● **What you have to do**: What are the lines below, starting at the line containing "Casa (en PH)" and ending at the line containing "Терміновий продаж двоповерхового"? Write them out exactly, ends included, without pictures.

● **The records**:
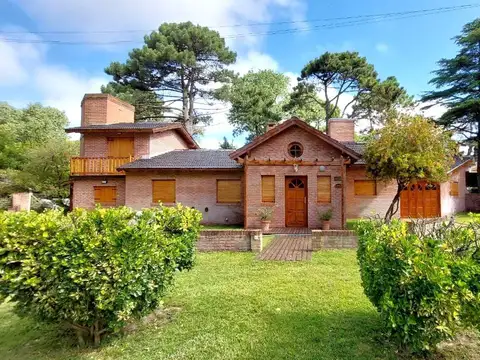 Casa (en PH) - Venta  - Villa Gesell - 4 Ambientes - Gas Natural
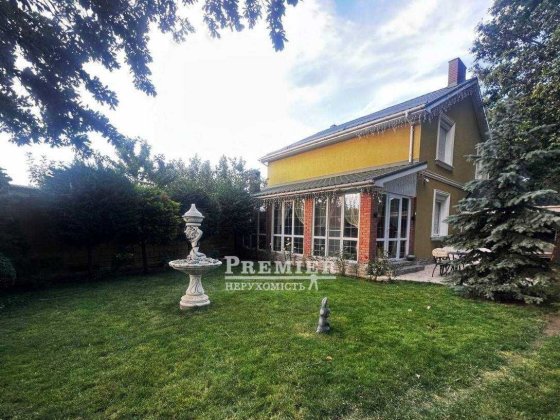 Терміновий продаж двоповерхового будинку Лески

--

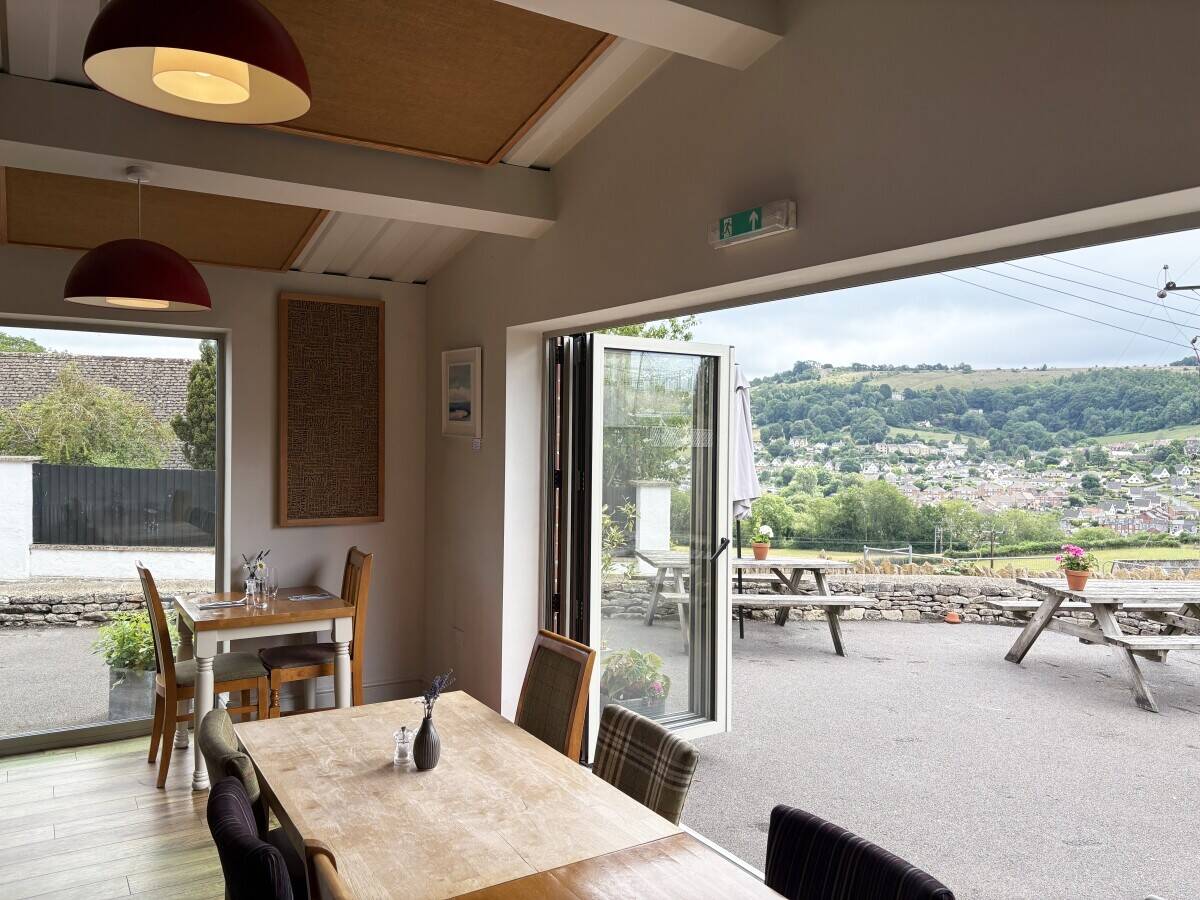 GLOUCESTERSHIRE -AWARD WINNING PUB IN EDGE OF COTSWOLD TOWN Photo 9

● **Exercise answer**:
 Casa (en PH) - Venta  - Villa Gesell - 4 Ambientes - Gas Natural
 Терміновий продаж двоповерхового будинку Лески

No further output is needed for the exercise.